Por culpa dos que precedem, talvez Portugal nunca tenha estado, em democracia, tão dividido como hoje. Partidos, classes sociais e instituições. Não há pontes nem vias de diálogo, só berraria. Os partidos não procuram o confronto, mas sim a guerra. Assistir a uma sessão parlamentar, das bancadas ou na televisão, é confrangedor, entristece quem tenha atracção pela urbanidade democrática. Percebe-se que nada daquilo ajudará o país. Há dois pesos e duas medidas: o que "nós" queremos é sempre bom, verdadeiro e justo, o que "eles" desejam é sempre errado, corrupto e falso. Os critérios supremos, naquele hemiciclo teatral, são as relações de força, acima da lei, acima da moral e acima do costume. Nestas condições, a democracia é difícil.

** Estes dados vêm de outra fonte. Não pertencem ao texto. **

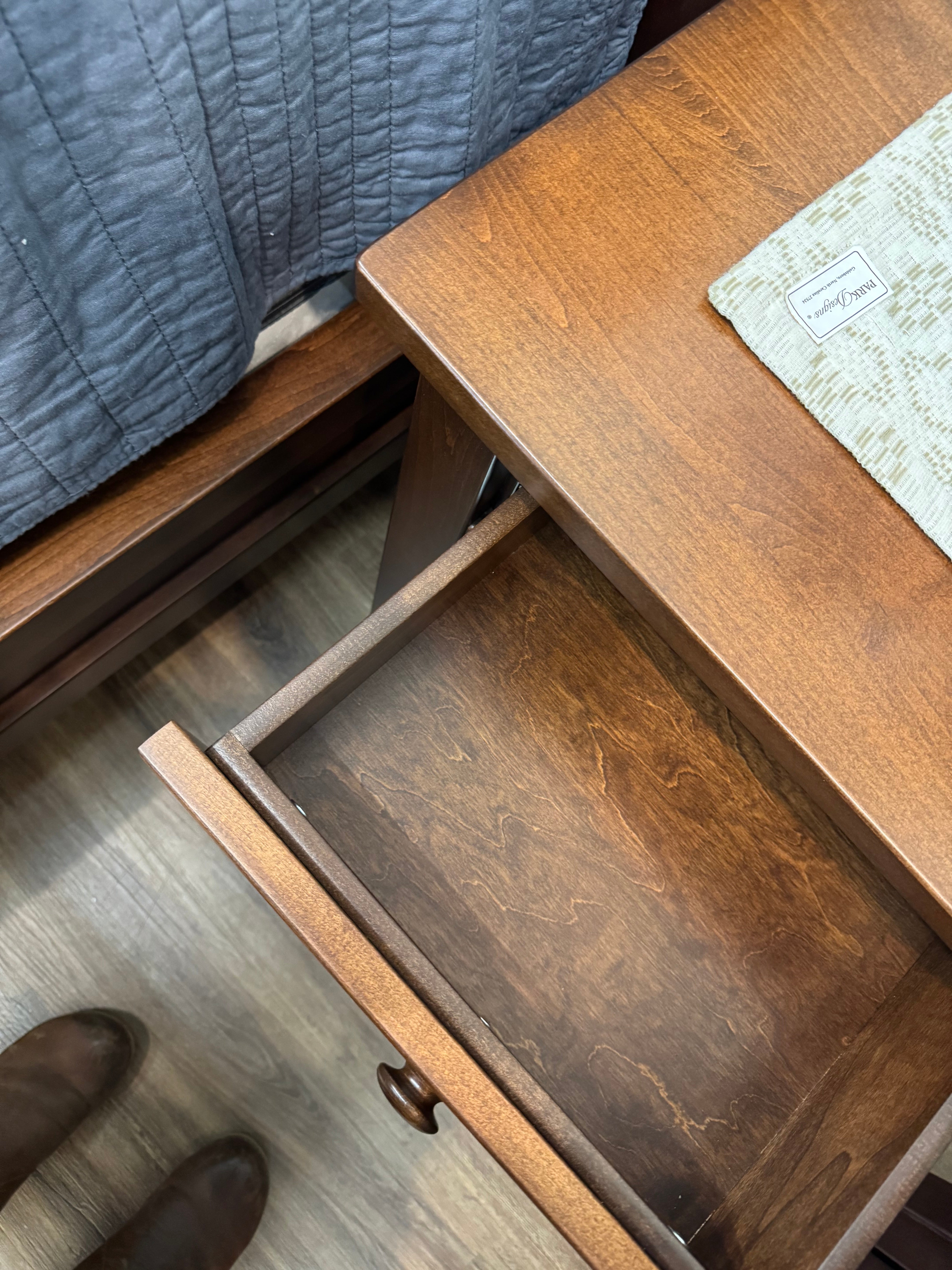 Cabin Creek Bedroom Set | 3 Piece Set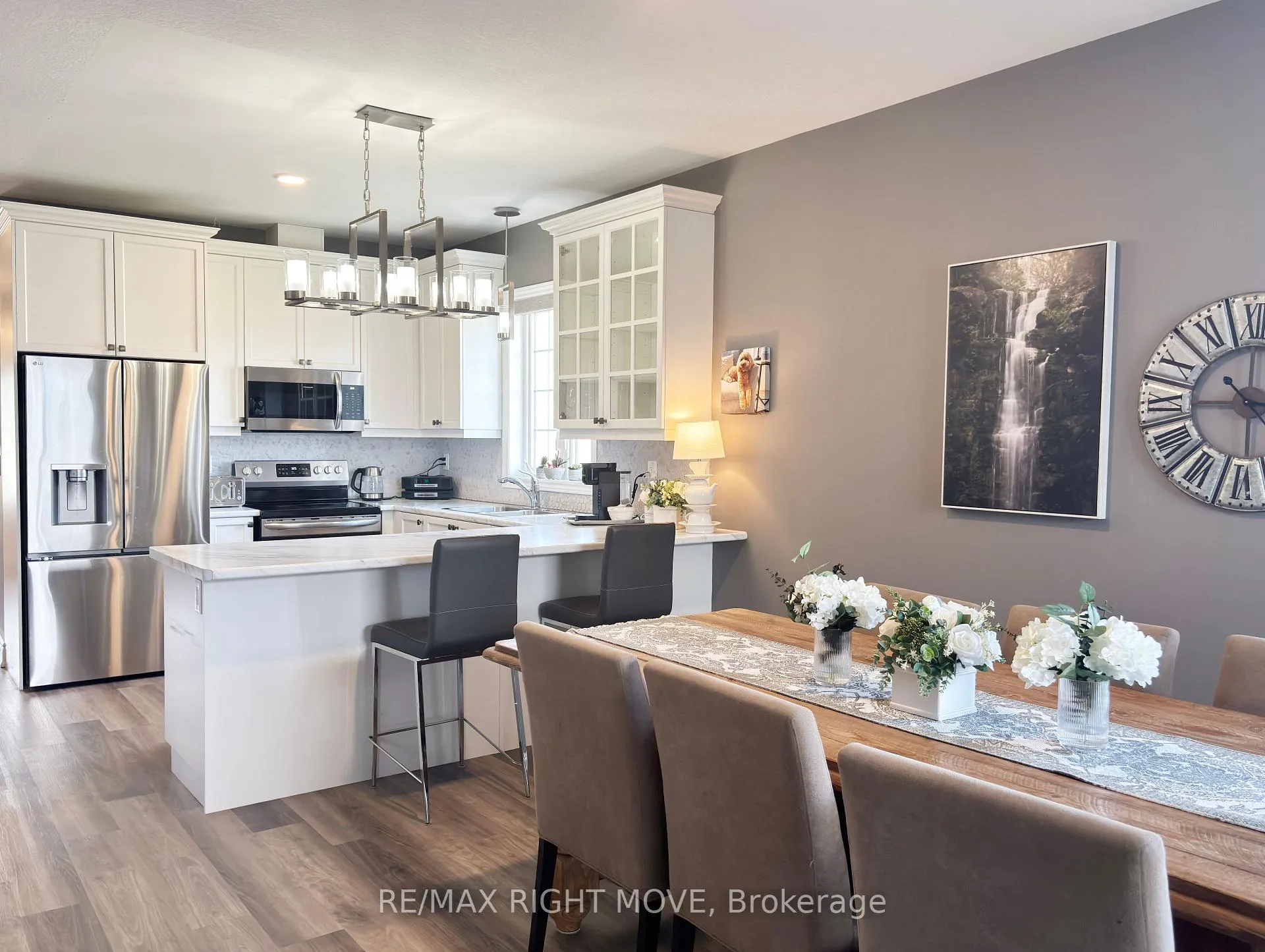 Photo 12 of 370 Lucy Lane, Orillia — HOMEH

Os políticos de esquerda acusam o Presidente de intruso e de lacaio da direita. Acusam-no impunemente de inconstitucionalidade. A esquerda acusa a direita de ilegitimidade e nada acontece. A direita acusa a esquerda de comportamento ilícito e nada acontece. Os partidos usam uma linguagem crispada, com intenção de difamar e excluir. Descrentes na autenticidade das suas ideias, os deputados só argumentam com a ilegitimidade e a ilegalidade, o que repetem como araras. Os partidos nunca reconhecem as diferenças entre uns e outros, acusam-se simplesmente de ilegítimos e intrusos. Ora, o actual governo pode não ter condições políticas, mas ilegítimo não é. O próximo governo pode não prestar, mas ilegítimo não é. O Presidente da República pode já não ter condições políticas para uma acção de relevo, mas intruso e ilegítimo não é.
A democracia tem limites. Os da lei. E os da moral. Mas também tem obstáculos e factores favoráveis. O analfabetismo é um obstáculo. Como é a falta de experiência. Ou a formação intelectual das elites. Quanto às condições favoráveis, é indiscutível que o desenvolvimento económico ou o grau de cultura ajudam, assim como uma Justiça competente. Até um sentido de cortesia e de decência ajuda. Em Portugal, a democracia é possível. Talvez até provável. Desde que se removam obstáculos e se cultivem os factores favoráveis. Se as elites... Se o desenvolvimento económico... Se a União Europeia... Se os partidos políticos... Se a Justiça... Se os grupos económicos... Se a Igreja... Se os sindicatos... Se... A democracia será possível. Difícil, mas possível.